**What you will do:** Beginning at the line that contains "this 400×277 image.", reproduce every line to the end of the material without changing any of them.

★ ★ ★ ★ ★

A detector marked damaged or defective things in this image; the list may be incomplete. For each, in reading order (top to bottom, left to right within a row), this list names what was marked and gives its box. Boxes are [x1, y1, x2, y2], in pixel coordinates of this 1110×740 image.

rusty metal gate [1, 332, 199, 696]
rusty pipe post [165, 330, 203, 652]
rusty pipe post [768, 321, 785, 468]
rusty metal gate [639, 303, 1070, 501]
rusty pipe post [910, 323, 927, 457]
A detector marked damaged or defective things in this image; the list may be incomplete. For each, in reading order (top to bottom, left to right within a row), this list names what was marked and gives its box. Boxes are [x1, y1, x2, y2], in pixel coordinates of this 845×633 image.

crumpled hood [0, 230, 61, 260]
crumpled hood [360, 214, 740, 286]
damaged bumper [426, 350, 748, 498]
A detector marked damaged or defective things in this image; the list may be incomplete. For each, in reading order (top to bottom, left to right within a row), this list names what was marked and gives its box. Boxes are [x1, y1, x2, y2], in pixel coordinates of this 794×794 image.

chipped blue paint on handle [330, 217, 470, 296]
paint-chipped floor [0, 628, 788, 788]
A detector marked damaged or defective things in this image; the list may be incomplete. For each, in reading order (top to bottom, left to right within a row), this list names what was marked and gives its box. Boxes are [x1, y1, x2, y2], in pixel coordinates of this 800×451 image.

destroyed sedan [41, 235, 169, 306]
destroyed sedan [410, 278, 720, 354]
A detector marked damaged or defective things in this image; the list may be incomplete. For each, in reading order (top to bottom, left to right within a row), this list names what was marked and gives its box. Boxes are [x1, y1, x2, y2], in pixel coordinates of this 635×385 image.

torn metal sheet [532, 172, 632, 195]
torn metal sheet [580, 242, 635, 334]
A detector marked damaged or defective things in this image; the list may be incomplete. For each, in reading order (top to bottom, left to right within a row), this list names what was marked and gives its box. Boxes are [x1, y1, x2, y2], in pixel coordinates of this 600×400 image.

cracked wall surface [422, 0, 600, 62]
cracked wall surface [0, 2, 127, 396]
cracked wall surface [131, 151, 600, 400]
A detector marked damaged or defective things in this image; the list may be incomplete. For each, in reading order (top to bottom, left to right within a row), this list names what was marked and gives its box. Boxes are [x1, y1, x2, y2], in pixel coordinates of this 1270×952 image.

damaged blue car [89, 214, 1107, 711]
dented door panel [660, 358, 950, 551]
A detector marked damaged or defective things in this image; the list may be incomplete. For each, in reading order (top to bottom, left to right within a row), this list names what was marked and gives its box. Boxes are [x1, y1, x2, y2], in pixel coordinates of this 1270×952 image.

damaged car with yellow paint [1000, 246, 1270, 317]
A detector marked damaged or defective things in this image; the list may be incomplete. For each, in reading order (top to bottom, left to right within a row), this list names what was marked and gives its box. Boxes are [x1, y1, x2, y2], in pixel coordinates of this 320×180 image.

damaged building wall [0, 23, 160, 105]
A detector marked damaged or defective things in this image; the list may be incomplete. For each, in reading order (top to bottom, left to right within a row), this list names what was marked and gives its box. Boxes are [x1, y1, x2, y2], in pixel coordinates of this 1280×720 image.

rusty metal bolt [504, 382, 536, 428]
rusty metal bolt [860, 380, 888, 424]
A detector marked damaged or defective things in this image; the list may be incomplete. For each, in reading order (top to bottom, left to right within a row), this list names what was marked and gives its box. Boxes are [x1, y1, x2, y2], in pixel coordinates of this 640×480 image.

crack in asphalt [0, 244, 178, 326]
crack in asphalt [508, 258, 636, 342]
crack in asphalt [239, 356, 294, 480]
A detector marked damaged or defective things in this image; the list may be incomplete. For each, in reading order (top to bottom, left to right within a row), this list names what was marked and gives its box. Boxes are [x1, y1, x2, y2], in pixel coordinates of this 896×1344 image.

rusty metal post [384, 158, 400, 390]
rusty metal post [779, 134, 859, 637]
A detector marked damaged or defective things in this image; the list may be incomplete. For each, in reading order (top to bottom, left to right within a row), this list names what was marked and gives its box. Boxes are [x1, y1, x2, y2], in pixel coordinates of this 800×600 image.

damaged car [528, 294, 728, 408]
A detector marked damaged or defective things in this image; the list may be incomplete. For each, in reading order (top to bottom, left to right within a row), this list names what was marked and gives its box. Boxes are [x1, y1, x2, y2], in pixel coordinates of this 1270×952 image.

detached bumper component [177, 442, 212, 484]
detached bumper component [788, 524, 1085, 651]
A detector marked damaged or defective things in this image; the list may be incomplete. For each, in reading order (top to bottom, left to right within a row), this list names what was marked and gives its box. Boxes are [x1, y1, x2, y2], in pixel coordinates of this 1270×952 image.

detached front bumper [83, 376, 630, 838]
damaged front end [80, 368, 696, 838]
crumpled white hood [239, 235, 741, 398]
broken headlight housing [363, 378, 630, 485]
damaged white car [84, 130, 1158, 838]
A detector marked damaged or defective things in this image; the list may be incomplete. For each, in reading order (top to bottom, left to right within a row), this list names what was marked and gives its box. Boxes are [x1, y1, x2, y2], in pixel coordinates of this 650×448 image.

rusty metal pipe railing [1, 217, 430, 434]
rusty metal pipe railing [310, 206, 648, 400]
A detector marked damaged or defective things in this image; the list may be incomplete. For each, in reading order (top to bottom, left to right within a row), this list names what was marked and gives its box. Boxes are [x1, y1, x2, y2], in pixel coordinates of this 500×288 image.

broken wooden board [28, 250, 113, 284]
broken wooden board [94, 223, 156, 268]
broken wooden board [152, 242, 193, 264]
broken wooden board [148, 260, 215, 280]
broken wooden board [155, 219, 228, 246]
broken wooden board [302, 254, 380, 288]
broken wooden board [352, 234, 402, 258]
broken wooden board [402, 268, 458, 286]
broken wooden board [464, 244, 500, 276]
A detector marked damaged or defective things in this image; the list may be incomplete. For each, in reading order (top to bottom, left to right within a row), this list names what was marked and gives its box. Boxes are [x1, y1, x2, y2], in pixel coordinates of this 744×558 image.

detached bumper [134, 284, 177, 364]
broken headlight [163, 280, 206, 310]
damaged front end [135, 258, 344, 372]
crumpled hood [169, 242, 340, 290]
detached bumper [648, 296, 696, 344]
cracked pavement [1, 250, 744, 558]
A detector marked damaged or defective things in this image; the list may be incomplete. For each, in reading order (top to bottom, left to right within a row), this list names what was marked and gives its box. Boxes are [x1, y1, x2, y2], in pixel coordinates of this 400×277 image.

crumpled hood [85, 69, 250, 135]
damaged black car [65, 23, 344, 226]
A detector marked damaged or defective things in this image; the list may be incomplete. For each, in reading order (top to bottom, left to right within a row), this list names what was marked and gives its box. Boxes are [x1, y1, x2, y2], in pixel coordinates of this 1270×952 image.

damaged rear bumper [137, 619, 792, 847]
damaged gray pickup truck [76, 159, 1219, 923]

★ ★ ★ ★ ★

**Written answer:**
A detector marked damaged or defective things in this image; the list may be incomplete. For each, in reading order (top to bottom, left to right within a row), this list names what was marked and gives its box. Boxes are [x1, y1, x2, y2], in pixel coordinates of this 400×277 image.

crumpled hood [85, 69, 250, 135]
damaged black car [65, 23, 344, 226]
A detector marked damaged or defective things in this image; the list may be incomplete. For each, in reading order (top to bottom, left to right within a row), this list names what was marked and gives its box. Boxes are [x1, y1, x2, y2], in pixel coordinates of this 1270×952 image.

damaged rear bumper [137, 619, 792, 847]
damaged gray pickup truck [76, 159, 1219, 923]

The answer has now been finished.